In my previous post, I outlined some of the problems and strategies we use at Ancestry.com to determine if two people who appear in the same household are related.
As promised, I want to focus this time on how to resolve ambiguous results.
In my early days of doing family history research, I made an assumption that finding a William Anderson married to an Isabella in 1901 in a small town in Scotland was enough evidence to establish a link to my ancestor and become the basis for further research. Unfortunately, what I learned after many months of further research was that “Anderson” is a very common Scottish surname. “William” and “Isabella” are very common given names in that region. A traditional naming pattern ends up creating cousins who are about the same age and whom have the same name. Even though I was dealing with a small town with a tiny population, it turns out that there were four men named William Anderson who married a woman named Isabella in 1901 in that town.
The question becomes then, how to tell if the features being examined are conclusive or ambiguous. This question is not only for family historians who can use intuition, experience, and convention, but more importantly for natural language processing and automated systems.
I understand that there are statistical models and other tools to narrow down the likelihood that the features being compared are conclusive, but I want to take a detour from that line of thinking and instead model what a genealogist does to determine whether the evidence is strong enough to draw a conclusion or whether the conclusion should remain ambiguous.
Ambiguity comes from insufficient data. Is a birthplace that has been listed as “Springfield” in Illinois or Massachusetts? In her article, “When No Record Proves a Point,” professional genealogist Elizabeth Shown Mills argues that in the absence of conclusive data we need to build our case with reliable alternative data. In the case of “Springfield” our team uses what we call a “reference place,” other place data that exists in the metadata about the record.
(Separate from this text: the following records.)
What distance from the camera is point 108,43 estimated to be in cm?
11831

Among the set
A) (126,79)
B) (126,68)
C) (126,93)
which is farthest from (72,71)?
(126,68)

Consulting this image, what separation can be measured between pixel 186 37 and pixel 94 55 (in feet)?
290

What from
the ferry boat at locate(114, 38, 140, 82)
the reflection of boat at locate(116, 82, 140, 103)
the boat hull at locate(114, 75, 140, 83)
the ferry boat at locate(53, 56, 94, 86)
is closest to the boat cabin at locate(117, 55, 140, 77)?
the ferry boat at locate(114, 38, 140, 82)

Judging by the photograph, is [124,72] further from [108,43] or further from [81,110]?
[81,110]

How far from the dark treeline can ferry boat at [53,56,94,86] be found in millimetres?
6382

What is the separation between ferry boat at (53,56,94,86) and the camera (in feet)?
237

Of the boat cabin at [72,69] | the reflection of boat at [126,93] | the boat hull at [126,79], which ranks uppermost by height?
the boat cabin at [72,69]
For example, if we are parsing an obituary and the text states that the deceased was from Springfield, but gives no other data, pulling all place details from the metadata on the record such as the title of the newspaper, when it was published, and importantly, where it was published can generate a new feature, the reference location, that can assist in disambiguation.
Another effective strategy is to eliminate all other possibilities. Sir Arthur Conan Doyle had Sherlock Holmes said it this way, “… that when you have eliminated the impossible, whatever remains, however improbable, must be the truth.”
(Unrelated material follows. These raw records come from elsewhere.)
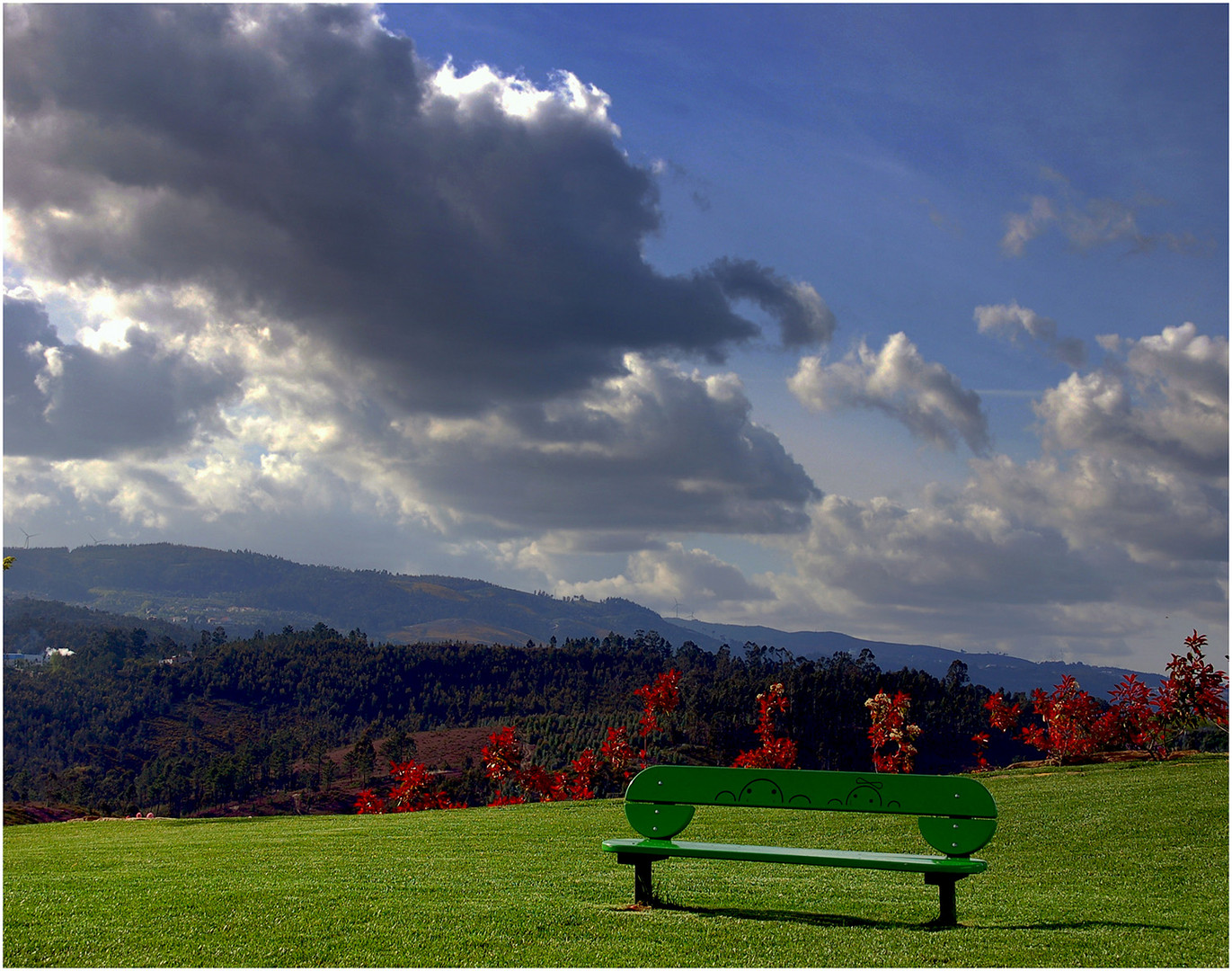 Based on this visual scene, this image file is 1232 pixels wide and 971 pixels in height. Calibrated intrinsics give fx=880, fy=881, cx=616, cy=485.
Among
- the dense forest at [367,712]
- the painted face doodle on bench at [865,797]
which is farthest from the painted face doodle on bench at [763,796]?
the dense forest at [367,712]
When faced with several possible interpretations of a natural language parse of data, business rules can be applied to eliminate impossible conclusions. These rules are often not 100% accurate, but within certain tolerances can function very effectively at reducing false positives. For example, checking a name authority for the occurrences of the term “Restaurant,” finds a very low likelihood that we are looking at a given name. Further queries show that the term occurs frequently in business names. From this we draw the conclusion that we have processed a business listing in a directory and should not include it as a personal name.
Other examples of conclusions might include: children are not born before their parents, spouses are usually married after age 12; and in many cultures, children are given the surname of their parents.
Getting these business rules correct is where bringing in an experienced researcher to consult can really help. You need someone who has proven conclusions before with limited data, and probably has made some mistakes, someone with intuition, experience, and who knows the conventions for establishing conclusions. Very often, your best source of business rules is the person who has been doing this process manually.
In summary, drawing conclusions from ambiguous data can be the greatest challenge of Big Data–the holy grail of Big Data parsing algorithms. At Ancestry.com we have found that starting with a good feature set, teasing out any additional clues from metadata or other related data, then eliminating the impossible using business rules informed by an expert in the area can greatly reduce the occurrences of ambiguity in the data. Where ambiguity can’t be resolved, it should be allowed to persist in the data and perhaps even in the presentation to the customer where additional context may be available at a later time to draw a firm conclusion.